┏━━

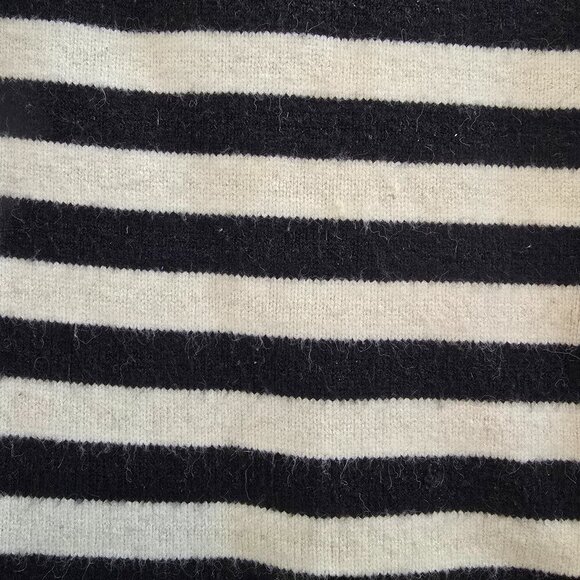 Anthropologie Rebekah Striped Tunic Sweater in Black and White - Picture 4 of 8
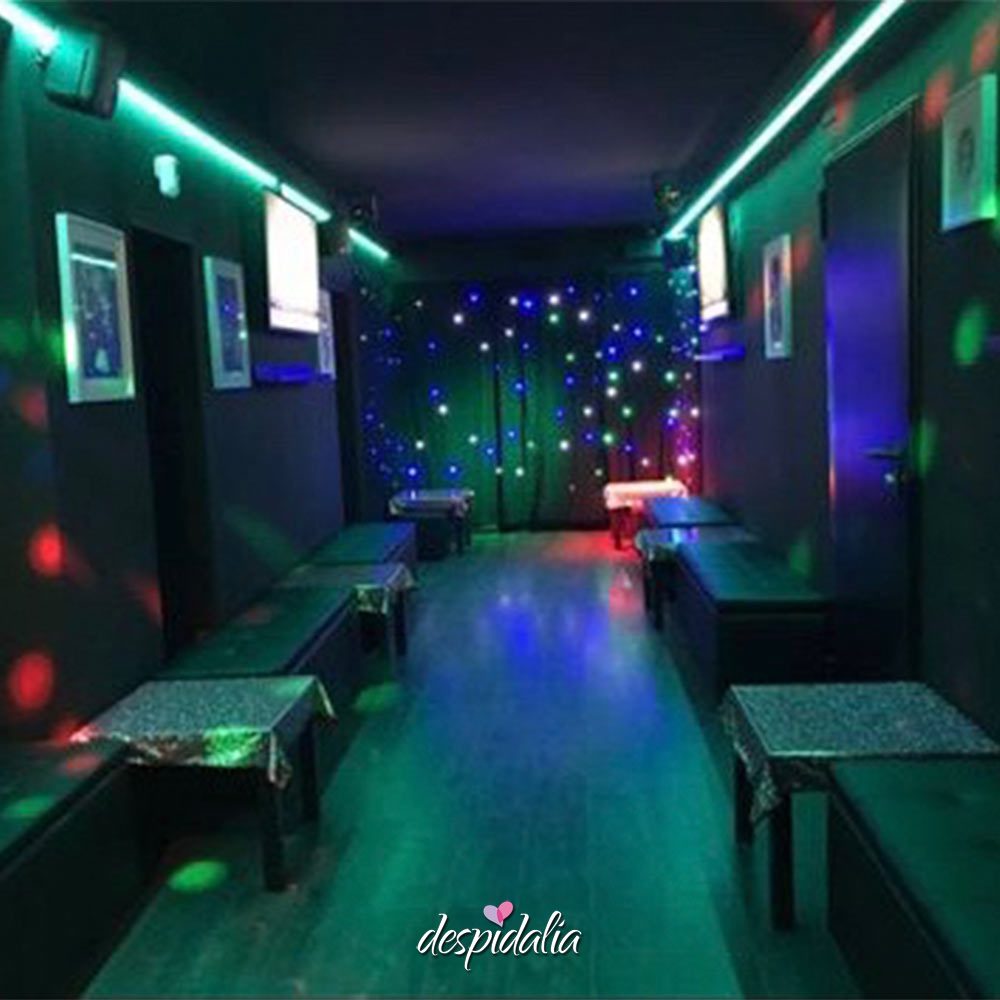 Cena con Karaoke para despedidas y fiestas Cena con Karaoke para despedidas y fiestas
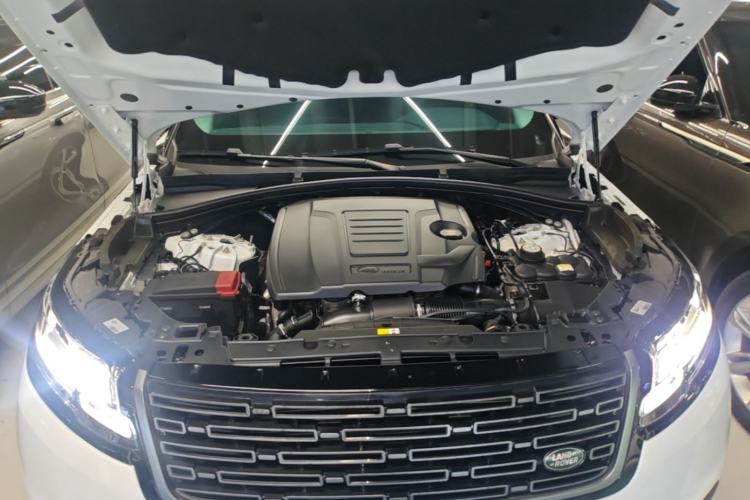 Used Land Rover Range Velar 2024 S Model Engine Bay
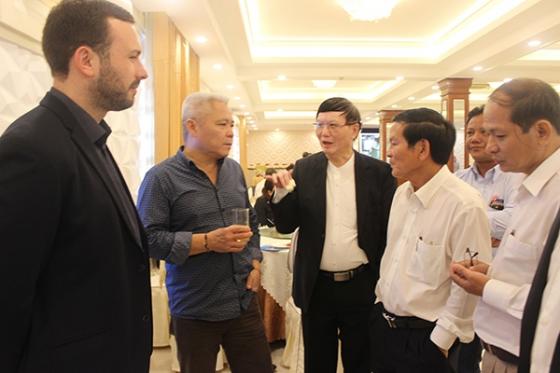 42 1 Ong Nguyen Huu Trang Phan Thuong Lon Nhat Voi Toi La Giup Moi Quan He Viet Nam Duc Than Thiet Hon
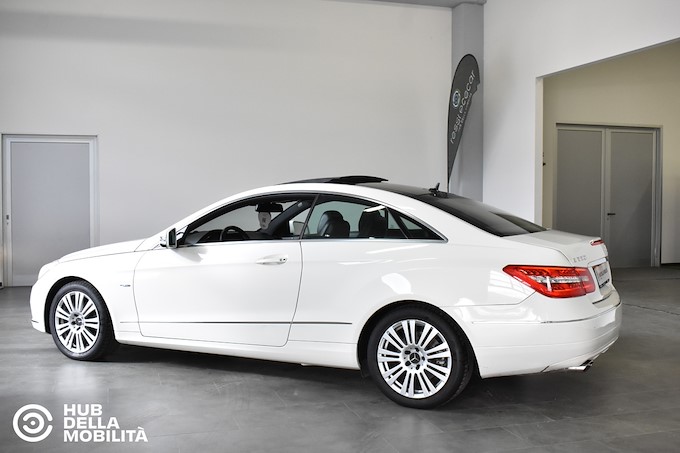 MERCEDES-BENZ E 220 CDI Coupé BlueEFFICIENCY Avantgarde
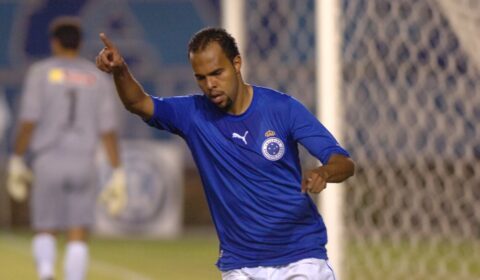 Atacante do Cruzeiro acertou com time europeu, viajou, mas 10 dias depois voltou à Toca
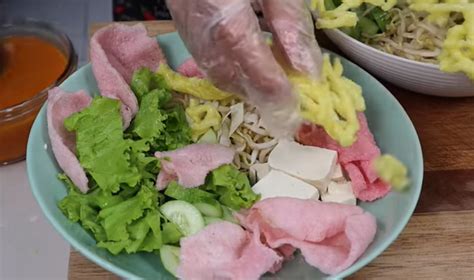 Mantan istri indra lesmana itu hanya ingin menjalani hidup dengan apa adanya. Resep Asinan Sayur Betawi, Mata Melek dan Badan pun Jadi Segar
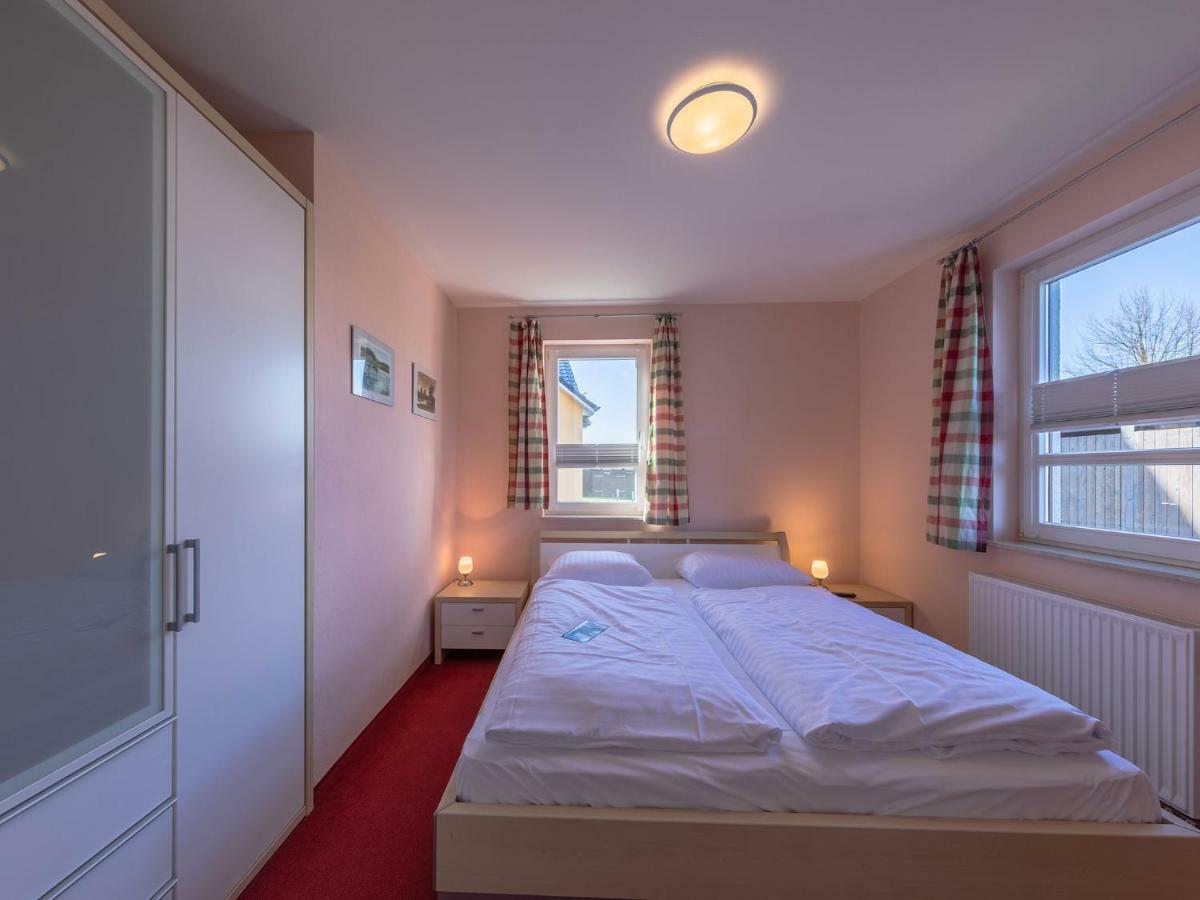Ferienwohnungen "Am Storchennest" Göhren-Lebbin Camera foto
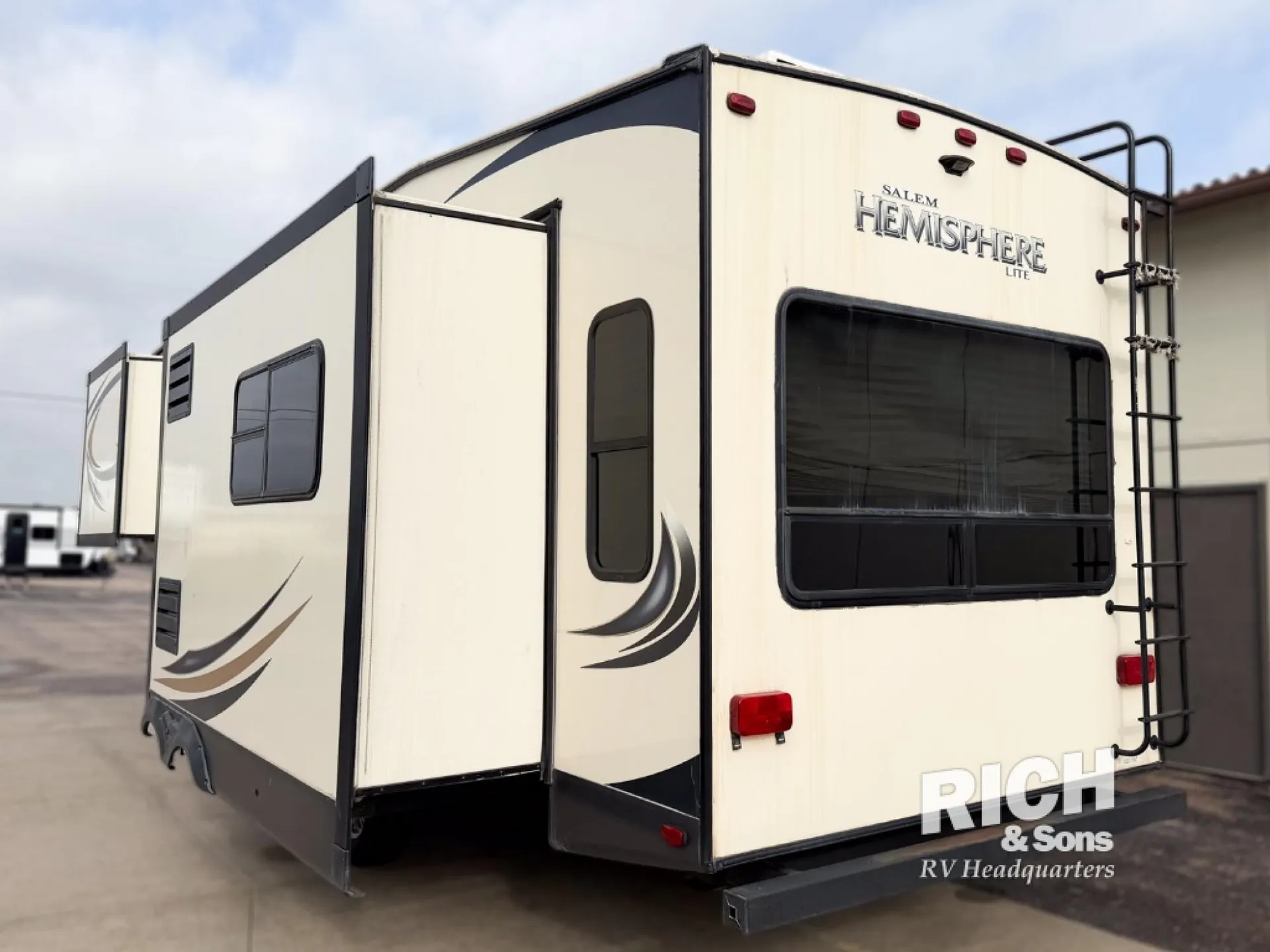 2017 Forest River Salem Hemisphere 286RL - Photo 4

┗━━

**Exercise directions**
The copy should hold exactly the lines from the line containing "42 1 Ong Nguyen" through the last line of the records, both included, and no pictures or other lines.

**Your response**
 42 1 Ong Nguyen Huu Trang Phan Thuong Lon Nhat Voi Toi La Giup Moi Quan He Viet Nam Duc Than Thiet Hon
 MERCEDES-BENZ E 220 CDI Coupé BlueEFFICIENCY Avantgarde
 Atacante do Cruzeiro acertou com time europeu, viajou, mas 10 dias depois voltou à Toca
 Mantan istri indra lesmana itu hanya ingin menjalani hidup dengan apa adanya. Resep Asinan Sayur Betawi, Mata Melek dan Badan pun Jadi Segar
Ferienwohnungen "Am Storchennest" Göhren-Lebbin Camera foto
 2017 Forest River Salem Hemisphere 286RL - Photo 4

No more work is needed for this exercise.